Unless you have a stinkboat with a big Chevrolet engine, the Brisbane Water Channel is best done with a favourable tide - especially, if you boat still has the original 8 hp Yanmar engine like mine has!

cheers
Andrew


----------



## Classic30 (Aug 29, 2007)

Welcome to Sailnet, Andrew - glad you two made contact. 

C28's are good fun and I'm sure you'll enjoy pottering around Sydney Harbour... once winter is over anyways.

Cheers, C


----------



## 7MileBeach (Apr 29, 2015)

Howdy. With the title "wide brown land" I was guessing you were from California, I was more than a little off. There is a lot going on here, enjoy.


----------



## tdw (Oct 2, 2006)

Andrew .... eight is a little light on though my 28 had a Volvo which was about the same and I could out muscle the tidal flow on the Hawkesbury either side of full ebb or flood. . What's your prop ? 

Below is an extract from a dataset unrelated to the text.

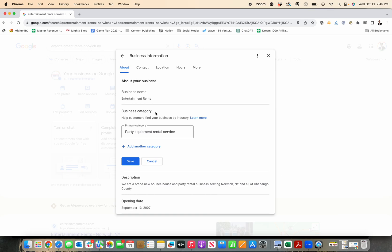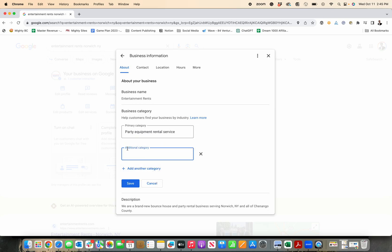And then you go over to edit business categories. And you can put your primary category and then add additional categories.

Classic you old duffer .... he's on Brisbane Waters which is an offshoot of Pittwater. (ps love to you and the missus)

7 Mile ..... "wide brown land" is from a poem by Australian poet Dorothea MacKellar "My Country". It is probably the most well loved of all Oz Poems " "I love a sunburnt country/A land of sweeping plains,/Of ragged mountain ranges,/Of droughts and flooding rains." though to be honest its a bit plodding and cliche ridden. As a kid I used to like to do it as Elmer Fudd.


----------



## windarra44 (Apr 22, 2009)

Could you record that for us? :wink


----------



## tdw (Oct 2, 2006)

windarra44 said:


> Could you record that for us? :wink




My wagged mountain wanges days are long gone.

:laugh:laugh


----------



## Caveam (Aug 3, 2015)

Thanks for the welcome guys - looking forward to meeting some like minded people here on Sailnet and participating in the discussions, serious or otherwise.

cheers
Andrew


----------



## tdw (Oct 2, 2006)

Do you think I should tell Classic that Mods can see deleted posts ? 

bwhaha .. :devil


----------



## 7MileBeach (Apr 29, 2015)

tdw said:


> 7 Mile ..... "wide brown land" is from a poem by Australian poet Dorothea MacKellar "My Country". It is probably the most well loved of all Oz Poems " "I love a sunburnt country/A land of sweeping plains,/Of ragged mountain ranges,/Of droughts and flooding rains." though to be honest its a bit plodding and cliche ridden. As a kid I used to like to do it as Elmer Fudd.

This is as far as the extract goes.